Oh, sorry (I thought you were using "referrer" in its technical sense...)
Well, it sounds pretty straightforward; give 'em a text field to enter another user's username (more reliable than other possibilities), check to see if that username is genuine (so that they don't say SantaClaus referred them). If it's genuine, set the cookie.
If/when they sign up, get the cookie (if it's there). Delete it (to reduce the risk of the referral being counted twice).
There's two places in the user database where it can go, depending on whether you want to know later on who referred who or not.
If you do, have a "referred_by" field in the user database that contains the (id of) the username of the user that referred them. Then you can search this for a given username to find out who that user referred.

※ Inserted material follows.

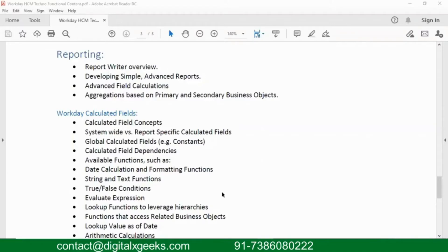Reporting is something that exists in any product — SAP, Oracle, Workday, or anywhere. If you as a consultant go and configure, your client is not bothered about what you have configured in the system. But if your client runs a report and the data is coming correctly, that means the data you configured is correct. That is the perception clients always have.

If you don't care, then a simple numeric field "referrals" could be used instead; increment a user's "referrals" field when one of their referrals signs up. I'd prefer the first myself - it preserves more information.
Or just wait until they do sign up before finding out who referred them, and do the database thing then - skip the cookie completely. This thing about registration vs. signing up has got me a bit. What does registration do and what does signing up do? I ask because I'm left wondering why the cookie is necessary when you'd presumably have a database record to store the information in.
You certainly would be wanting to store the referral information in the database at some stage - then it's always available to you, not just when the user happens to be hitting your site - and if it's going in the database later, why not put it in sooner?